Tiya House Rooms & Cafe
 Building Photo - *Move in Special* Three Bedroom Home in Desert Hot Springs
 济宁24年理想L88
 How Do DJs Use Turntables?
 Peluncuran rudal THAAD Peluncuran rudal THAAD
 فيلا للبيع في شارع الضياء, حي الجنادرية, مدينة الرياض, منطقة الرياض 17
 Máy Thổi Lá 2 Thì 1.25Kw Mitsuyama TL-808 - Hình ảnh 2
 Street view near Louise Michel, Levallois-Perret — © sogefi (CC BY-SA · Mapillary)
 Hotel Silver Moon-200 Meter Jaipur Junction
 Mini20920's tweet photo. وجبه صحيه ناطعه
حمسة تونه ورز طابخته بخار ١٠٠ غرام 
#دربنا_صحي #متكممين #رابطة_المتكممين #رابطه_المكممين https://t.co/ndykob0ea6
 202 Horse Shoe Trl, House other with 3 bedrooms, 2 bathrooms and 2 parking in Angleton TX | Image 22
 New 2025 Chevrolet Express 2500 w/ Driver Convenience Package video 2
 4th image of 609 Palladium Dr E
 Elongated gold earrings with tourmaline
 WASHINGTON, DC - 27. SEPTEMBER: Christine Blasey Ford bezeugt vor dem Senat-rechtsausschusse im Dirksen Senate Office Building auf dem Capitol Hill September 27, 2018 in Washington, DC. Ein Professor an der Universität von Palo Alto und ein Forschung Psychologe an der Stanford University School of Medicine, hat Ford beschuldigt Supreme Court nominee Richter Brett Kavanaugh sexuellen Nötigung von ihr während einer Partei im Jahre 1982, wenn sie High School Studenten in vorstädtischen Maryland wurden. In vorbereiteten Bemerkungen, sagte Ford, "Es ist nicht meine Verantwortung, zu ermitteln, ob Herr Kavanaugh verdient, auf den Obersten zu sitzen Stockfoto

- _WORK TO BE COMPLETED_:
Word for word, every record must be given again.

- _YOUR SOLUTION_:
Tiya House Rooms & Cafe
 Building Photo - *Move in Special* Three Bedroom Home in Desert Hot Springs
 济宁24年理想L88
 How Do DJs Use Turntables?
 Peluncuran rudal THAAD Peluncuran rudal THAAD
 فيلا للبيع في شارع الضياء, حي الجنادرية, مدينة الرياض, منطقة الرياض 17
 Máy Thổi Lá 2 Thì 1.25Kw Mitsuyama TL-808 - Hình ảnh 2
 Street view near Louise Michel, Levallois-Perret — © sogefi (CC BY-SA · Mapillary)
 Hotel Silver Moon-200 Meter Jaipur Junction
 Mini20920's tweet photo. وجبه صحيه ناطعه
حمسة تونه ورز طابخته بخار ١٠٠ غرام 
#دربنا_صحي #متكممين #رابطة_المتكممين #رابطه_المكممين https://t.co/ndykob0ea6
 202 Horse Shoe Trl, House other with 3 bedrooms, 2 bathrooms and 2 parking in Angleton TX | Image 22
 New 2025 Chevrolet Express 2500 w/ Driver Convenience Package video 2
 4th image of 609 Palladium Dr E
 Elongated gold earrings with tourmaline
 WASHINGTON, DC - 27. SEPTEMBER: Christine Blasey Ford bezeugt vor dem Senat-rechtsausschusse im Dirksen Senate Office Building auf dem Capitol Hill September 27, 2018 in Washington, DC. Ein Professor an der Universität von Palo Alto und ein Forschung Psychologe an der Stanford University School of Medicine, hat Ford beschuldigt Supreme Court nominee Richter Brett Kavanaugh sexuellen Nötigung von ihr während einer Partei im Jahre 1982, wenn sie High School Studenten in vorstädtischen Maryland wurden. In vorbereiteten Bemerkungen, sagte Ford, "Es ist nicht meine Verantwortung, zu ermitteln, ob Herr Kavanaugh verdient, auf den Obersten zu sitzen Stockfoto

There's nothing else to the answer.